Ling Jing, Li-jun Zhou, Wei-min Li, Feng-min Zhang, Lin Yuan, Shuang Li, Jian Song, Ying Sang

Med Sci Monit 2011; 17(1): BR1-9

DOI: 10.12659/MSM.881311


Background:    Chronic alcohol intake exerts myocardial damage en route to the development of alcoholic cardiomyopathy (ACM), although the precise pathogenesis of ACM is unknown. Carnitine is known to participate in the regulation of metabolism in a number of heart diseases. This study was designed to examine the interplay between myocardial metabolism and carnitine in the development of ACM.
    Material/Methods:    Experimental animals were divided into 3 groups: (i) group A: alcohol-fed. (ii) group B: alcohol/carnitine: (200mg/kg/d, p.o. by mixing carnitine in rat chow). (iii) group C: control. Blood levels of free fatty acid (FFA), total carnitine (TC) and free carnitine (FC) were monitored in rats receiving alcohol with or without carnitine. Mitochondrial adenine nucleotide translocator-1 (ANT1) activity, ATPase activity, high energy phosphate concentration, peroxisome proliferator-activated receptor-α (PPARα), carnitine-palmitoyl transferase I (CPT-I), medium-chain acyl-coenzyme A dehydrogenase (MCAD), ANT1 and ATPase mRNA and protein expression were also monitored in myocardial tissue.
    Results:    Experimental animals received alcohol with or without carnitine for six6 months.
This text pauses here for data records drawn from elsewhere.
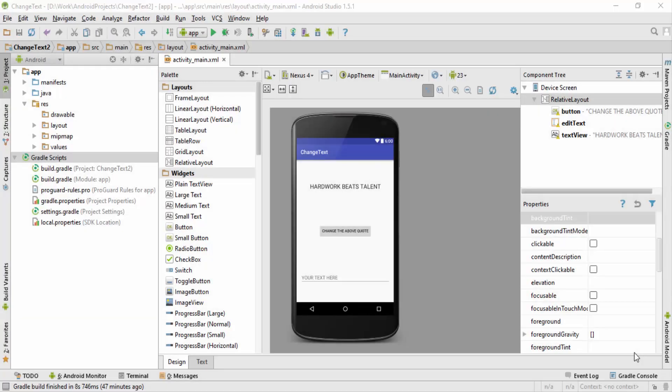Hey, what's up guys, welcome back. This is Dinesh here, and in this video I'll be showing you how you can change the color of any component as well as how you can change the background color of the screen.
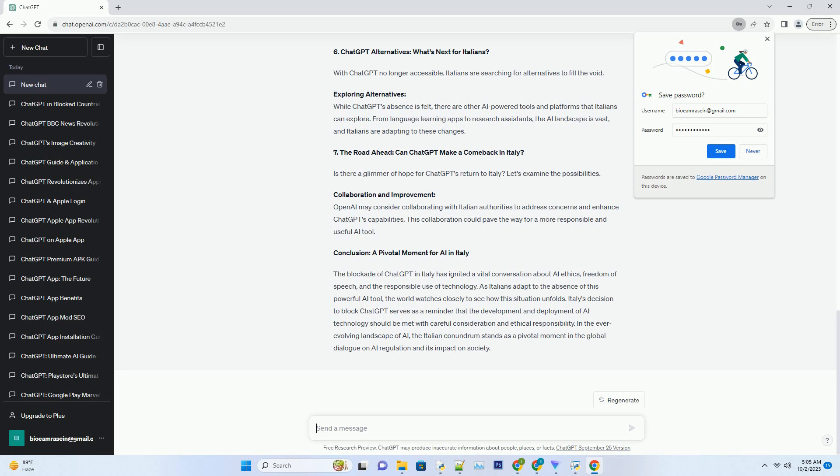OpenAI may consider collaborating with Italian authorities to address concerns and enhance ChatGPT's capabilities. This collaboration could pave the way for a more responsible and useful AI tool.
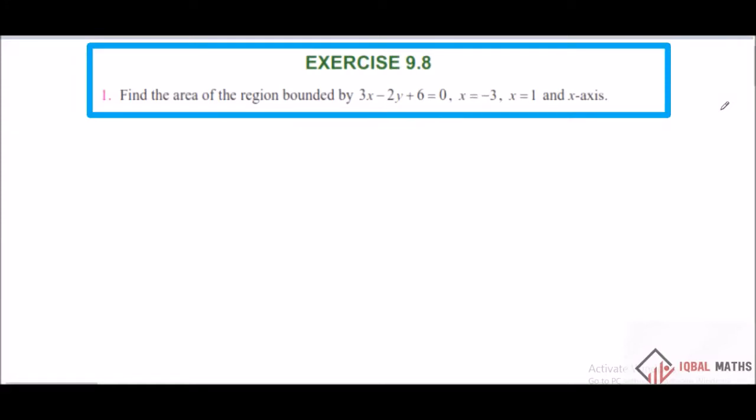Hello students, this is Iqbal. Find the area of the region bounded by 3x minus 2y plus 6 equal to 0, and x equal to minus 3, x equal to 1.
Our results indicated that FFA increased abruptly. TC and FC were significantly decreased in groups receiving alcohol at 4 months. The concentration of ATP, ADP and AMP in the myocardium decreased following 2 months of alcohol administration. mRNA and protein expression of PPARα, CPT-I, MCAD, ANT1 and ATPase expressions were gradually altered in groups following alcohol feeding.
    Conclusions:    These observations suggest that abnormal metabolism is present in the myocardium during the development of ACM. Carnitine may improve myocardial metabolism by elevating the content of PPARα, CPT-I and MCAD.